Following Policinski, Mary Beth Tinker, half of the protagonist pair in Tinker v. Des Moines, spoke to the audience about her fight for a student’s right to freedom of speech. To protest the Vietnam War, she wore a black armband to school, and as a result, she was suspended. In 1969, a 7-2 Supreme Court decision granted her, her brother and American students everywhere civil rights inside the schoolhouse gate. The decision was monumental because it guarantees a students’ right to express themselves while under the jurisdiction of the school.

Cathy Kuhlmeier, now Cathy Cowan, was next. In 1988, the Spectrum Newspaper, a publication of Hazelwood School District, was restrained from publishing.

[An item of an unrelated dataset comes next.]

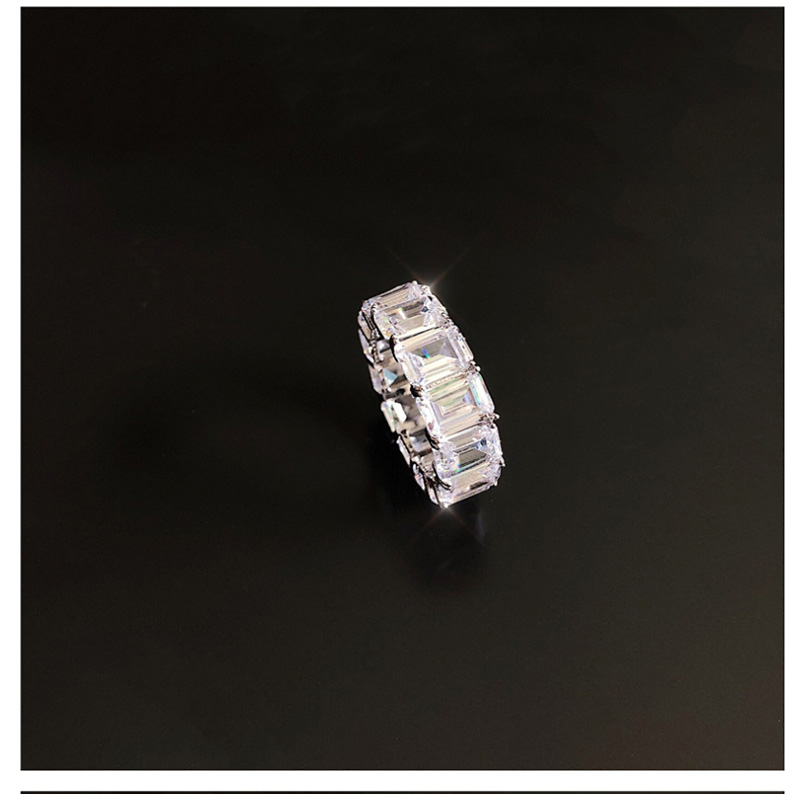 Fashion Square Silver Full Diamond Zircon Ring,Fashion Rings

The article, written by Kuhlmeier, contained material regarding teen pregnancy and divorce. Later, it was revealed that the principal never read the paper before cutting the articles. The Supreme Court ruled in favor of the school, allowing all schools, to regulate journalism productions. Kuhlmeier revealed why her case ruled in favor of the school\; her lawyer failed to inform her of the trial occurring at the Supreme Court level. The woman behind the name of the case was not in attendance at the final trial. And the lawyer representing Kuhlmeier at the Supreme Court, Leslie D. Edwards, was inexperienced. Edwards was responsible for arguing that the principal does not have the right to limit the newspaper, however, her argument was the opposite of that.

“I do think that the school can limit how they run their journalism program and their newspaper,” Edwards said, according to the transcript of proceedings. “[The principal] did not limit the program. He did not limit the newspaper. I think that he can limit the whole thing. And maybe, you know, people might disagree.”

Her client would be the first in line to disagree. After failing to represent Kuhlmeier successfully, Edwards left the industry.

“I learned that some stories aren’t always what they seem to be,” junior Maisy Garrison said. “My favorite speaker was Kuhlmeier because her story was so much deeper than anything online could have ever taught me about what happened.”

The FFI and Student Press Law Center (SPLC) deemed 2019 the Year of the Student Journalist because of new legislation and a renewed fight against censorship. New Voices, an organization fighting for student press rights, has introduced House Bill 743 in Missouri. The legislation will eliminate the requirement of prior restraint in schools. However, 14 states already have legislation that protects journalism students’ rights, according to splc.org.

“The New Voices movement is gaining momentum across the country, and this year has seen an unprecedented level of activity,” executive director of the Student Press Law Center Hadar Harris said. “Eleven states introduced new legislation.”

As future government watchdogs, student journalists are learning the ways of their predecessors with the help of conferences like Heroes of the First Amendment.